If the grains are injected with the workpieces stationarily positioned relative to the powder jet nozzle, a a uniform removal of the grains cannot be achieved. Inner work materials are blasted deep, and outer workpieces are made shallow. For the reason, the depth of removal cannot be made uniform only by moving the work materials in one direction relative to the nozzle. In addition, if the workpieces are arranged on a circumference of a circular workpiece holder, which is revolved around its center, as shown in FIG. 1, the depth of removal is shallow with the circumference being outer and deeper with the circumference being inner because of difference of the outer and inner circumference distances. This is due to equal volume of removal per unit of time.

With such problems in the prior fine grain milling process as pointed out above, it has the disadvantage that it is not possible to fabricate precision devices, such as a thin film magnetic head which meets required specifications. The impossibility will be explained below by reference to FIGS. 3A and 3B. In the usual magnetic disk drive, the magnetic head is constructed so as not to levitate higher than 1 μm by an air flow above the revolving magnetic disk. The magnetic disk drive may have an increased recording density with the dispersion of magnetic flux given by the magnetic head being reduced on the magnetic disk. The magnetic flux of the magnetic head is generated from a gap of an electro-magnetic transducing element in the magnetic head. The magnetic flux density at a point is high with the point being close to the gap. The magnetic flux also is reduced with the point close to the gap. That is, the recording density can be increased as a distance that is, levitation, between the magnetic disk and the gap of the magnetic head is reduced and as the magnetic flux is narrowed. In order to minimize and stabilize the levitation of the magnetic head, is necessary to make a machine mill wherein a shape of an air bearing surface of the magnetic is as accurate as possible. In forming the air bearing surface of the magnetic head as shown in FIGS. 3A and 3B, it is easy to mill such a linear shape as in FIG. 3A, using a grinder or similar means in mass production. Even if an attempt is made to obtain a shape of varying width as in FIG. 3B with the grinder, however, the shape has some portions remained not milled. This is due to the fact that the revolving grinder cannot form the complicated shape but the linear one.

The prior art fine grain milling machine includes rubbing parts in a milling chamber in connection with movement of the workpieces and nozzle during blasting. If the grains flutter in the milling chamber, therefore, they are harmfully brought into the rubbing parts thereby damaging the rubbing parts with the result that the rubbing parts have a reduced and shortened service life.

SUMMARY OF THE INVENTION

In view of the foregoing, it is an object of the present invention to provide a fine grain milling method and machine that can accurately transfer a complicated mask shape at workpieces to the workpieces and to provide a uniform depth.

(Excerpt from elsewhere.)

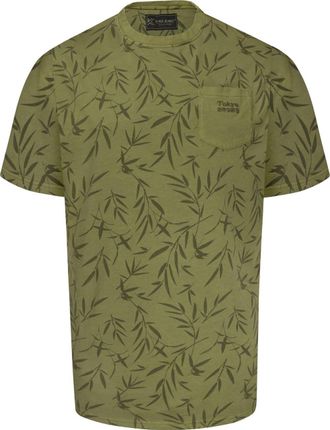 KAM Tokyo Leaf Print T Shirt Crew Neck Pockets Cotton Top Mens 2XL-8XL 5774 (UK, Alpha, 4XL, Plus, Regular, Jungle Green)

Another object of the present invention is to provide a fine grain milling method and machine that can prevent grains and chips from being brought into rubbing parts in a milling chamber and to make the grains and chips move smoothly at a high operational accuracy for increasing the service life of the fine grain milling machine.

Briefly, the foregoing objects are accomplished in accordance with the present invention by providing a fine grain milling method and machine, wherein, in the fine grain milling machine in which workpieces are formed to desired shapes, a powder mixed in a high-pressure fluid is injected to the workpieces covered with a desired mask of pattern. The machine includes a workpiece holder for mounting the workpieces and the workpiece holder is rotatable around a main spindle. An injecting device, having a nozzle for injecting the powder mixed in the high-pressure fluid to surfaces of the workpieces so that the surfaces of the workpieces can be formed to the desired shapes, has a removing device for removing adhered powder out of surfaces of the workpieces by injecting a high-pressure fluid to the powder adhering to the surfaces of the workpieces. A sealing box seals the workpieces holder and the injecting device so that the powder and chips of the workpieces cannot be leaked out, and a dust collecting device for collecting the powder and the chips out of the sealing box.

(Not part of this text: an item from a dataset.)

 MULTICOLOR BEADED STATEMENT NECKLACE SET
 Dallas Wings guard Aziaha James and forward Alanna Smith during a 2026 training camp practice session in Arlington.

According to another embodiment of present invention, a relative motion of the workpieces holder and the nozzle is controlled so that the quantity and the speed of flow of the powder contacting a unit area of the surfaces of the workpieces in a unit time is constant at any point on the workpieces.

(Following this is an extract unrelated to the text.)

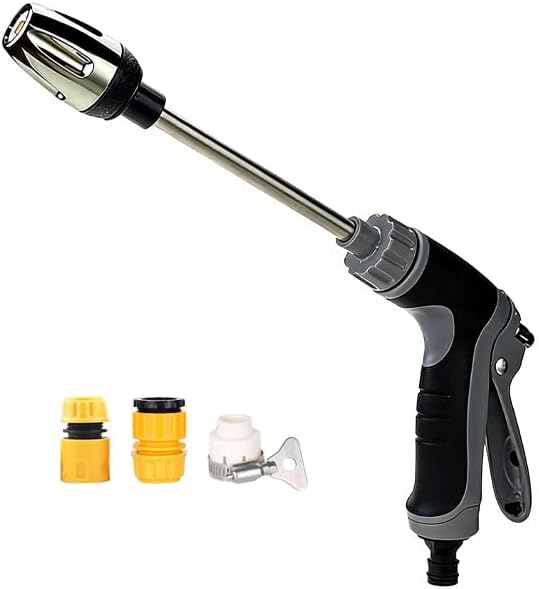 Garden Hose Nozzle Compatible with All Garden Hoses, 3 Spray Modes, 360° Adjustable Spray, Lock-On Trigger Reduces Fatigue, Durable Stainless Steel for Cars & Patios (16.4 ft hose + foam pitcher)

According to still another embodiment of present invention, in order to prevent grains and chips from harmfully brought into rubbing parts in a milling chamber or in a sealing box, there is provided an injection device for providing a clean compressed gas of higher pressure than a pressure inside the sealing box to flow into gaps of a main spindle from outside the sealing box, to feed into a dust collector, or out of the milling chamber the grains injected to the workpieces and the chips of the workpieces.

A feature of the present invention is to have a cleaning nozzle in the milling chamber in addition to the powder jet nozzle which is an injection device to inject the grains to the workpieces. The cleaning nozzle is used to inject a high pressure, high speed gas or air to the workpieces. This makes a force exceeding beyond the adhesive force act on the grains so that the grains can be separated from the workpieces. The grains can be removed together with the flow of the injected gas or air. As a result, the shape of the mask of predetermined dimensions covered on the surfaces of the workpieces can be accurately transferred to them. In addition, edges of the concavities can be made sheerly upright.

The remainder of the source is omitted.